DETROIT - General Motors Corp.'s efforts to hoard cash and outlast a prolonged economic slump claimed the jobs of more than 2,700 workers Monday as the automaker announced the demise of factories in Michigan and Wisconsin.
GM said it would shutter a metal stamping factory in the Grand Rapids suburb of Wyoming by the end of next year, and it also sped up the closure of its Janesville, Wis., sport utility vehicle plant, with most of that facility shuttering Dec. 23.
"I am sick about what's happened here," said Greg Golembiewski, president of the United Auto Workers local at the Wyoming factory, who thought the plant was safe because of its safety and productivity awards. "I am devastated. I'd like not to believe what I heard today. It's like a bad dream."
The moves came on a day when GM's stock finally showed signs of life after a catastrophic drop last week. The automaker's shares jumped $1.62, or 33 percent, to $6.51, after hitting $4 Friday, their lowest level 59 years.
The shares lost nearly half their value last week as broader markets tanked and investors feared GM, Chrysler LLC and Ford Motor Co. could run out of cash before the global economic slump ends. But they were bolstered Monday by the weekend revelation that GM held merger talks with Chrysler and as more support for the global banking system fueled a 936-point rebound in the Dow Jones industrials.
At the Grand Rapids Metal Center, managers gathered workers at the end of the first shift Monday to deliver the bad news, GM spokesman Chris Lee said. The factory employs about 1,340 hourly and 180 salaried workers.

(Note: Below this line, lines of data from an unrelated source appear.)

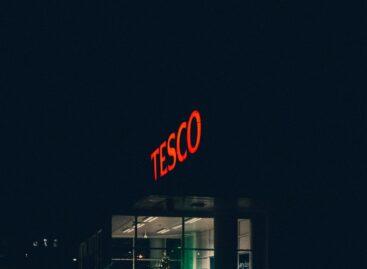 A Tesco az Expressz üzleteiben olcsóbb saját márkás termékeket vezet be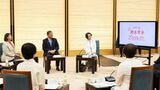 当時の石破首相らと懇談する山本さん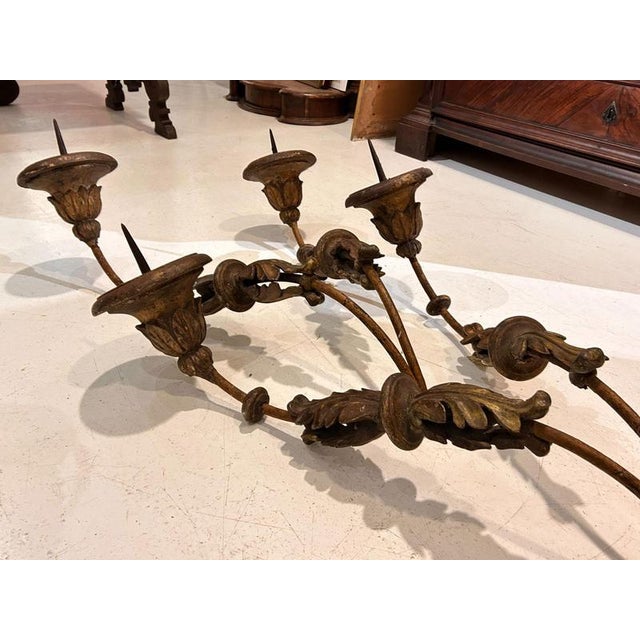 Carved and Gilded Wooden Sconces, Central Italy, Late 17th-Early 18th Century, Set of 2 For Sale - Image 6 of 8
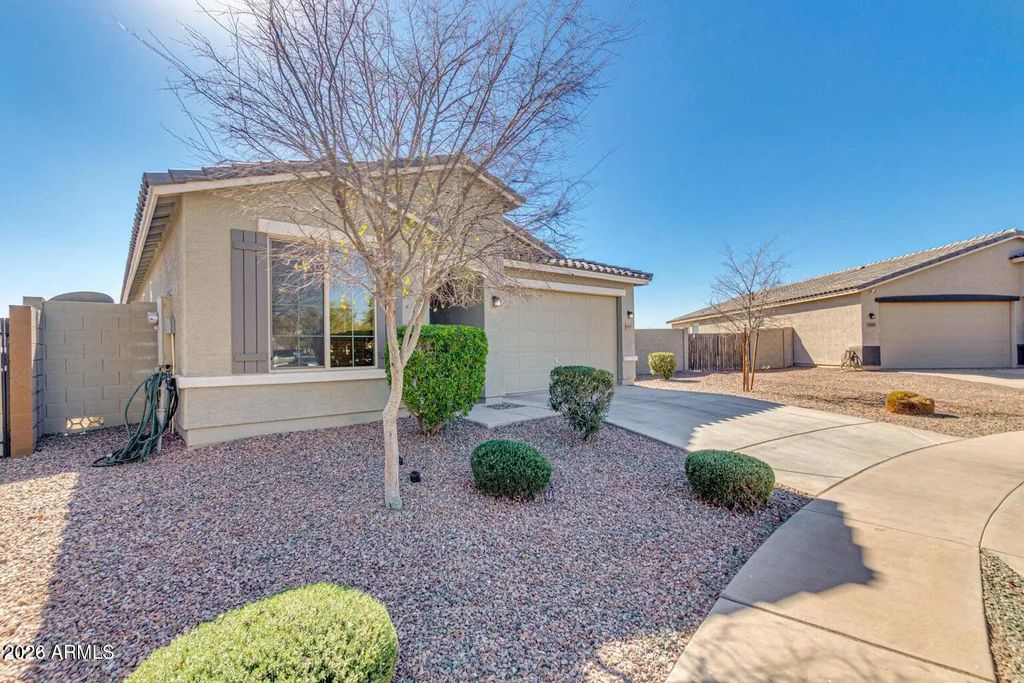 9437 W Jones Avenue, Tolleson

Lee would not say whether further closures were planned, but he said the company "will continue to assess our stamping capacity and align it with market demand as required."
The Grand Rapids plant was picked for closure because more than 40 percent of its parts go to slow-selling truck and SUV plants, and because GM wants to cut shipping costs by keeping its stamping plants closer to assembly plants, Lee said.
"Unfortunately Grand Rapids is some distance away from their assembly plant customers and therefore doesn't really support that strategy that we're moving toward," he said.
Earlier Monday in Janesville, workers got the news that SUV production at the plant, with 1,200 workers represented by the UAW, will come to an end sooner than expected due to declining sales, Lee said.
The factory also has 35 to 50 workers making small- to medium-duty trucks. They will keep working through May or June to complete an order for Isuzu Motors Ltd., Lee said. Then the plant "will cease operations completely," he said.
Workers at both plants will get most of their pay from the company and unemployment benefits for up to two years under their union contract. They will have the option of transferring to other GM factories if jobs are open. Other conditions of their departure may be negotiated with the union, Lee said.
The Janesville factory primarily makes the GMC Yukon and the Chevrolet Tahoe and Suburban large SUVs, and sales of those vehicles have plummeted with an increase in gasoline prices past $4 per gallon earlier this year. Gas prices have subsided closer to $3 nationwide, but that has done little to boost sales.
"That segment is really shrinking, so we had to make the difficult decision to have this cessation," Lee said.
U.S. auto sales through September are down 13 percent from a year earlier, and last month they dropped to their lowest level in 15 years.
GM announced in June that it would close Janesville and three other factories as demand for pickup trucks and SUVs waned, but the only time frame that was given was by 2010. The company announced earlier this month that another of those plants — the Moraine, Ohio, SUV factory — will close Dec. 23.
GM Chairman and CEO Rick Wagoner has said that the automaker would have to make corresponding adjustments at other factories, particularly in metal stamping.
The Janesville plant opened in 1919 and is GM's oldest. Its closure comes despite an incentive plan offered to GM last month by Wisconsin political leaders.
State Rep. Mike Sheridan, a Janesville Democrat and former plant union representative, held out hope that the factory, once the city's largest employer, will stay open. He said in a statement that GM is still considering whether to build small cars there.
Lee said those discussions continue but have no bearing on the decision to end SUV production.
Suburban, Tahoe and Yukon sales are down by more than 40 percent so far this year, and sales in the large SUV segment are down 49 percent, according to Autodata Corp. GM also makes those vehicles at its plant in Arlington, Texas, and GM officials have said that plant can crank out enough to meet demand.
Industry analysts say closing factories or cutting shifts will help GM reduce costs and preserve cash at a critical time with the company losing billions and burning up cash at an alarming rate.
GM had $21 billion in cash and $5 billion available through credit lines at the end of June for total liquidity of $26 billion but has been burning up cash at a pace of more than $1 billion a month.
The company announced a plan in July that calls for cutting $10 billion in costs and raising another $5 billion through asset sales and borrowing through 2009.
On Friday night, word leaked that GM had talks with Chrysler LLC owner Cerberus Capital Management LP about an acquisition of Chrysler or some other combination. The talks have been shelved during the country's financial crisis.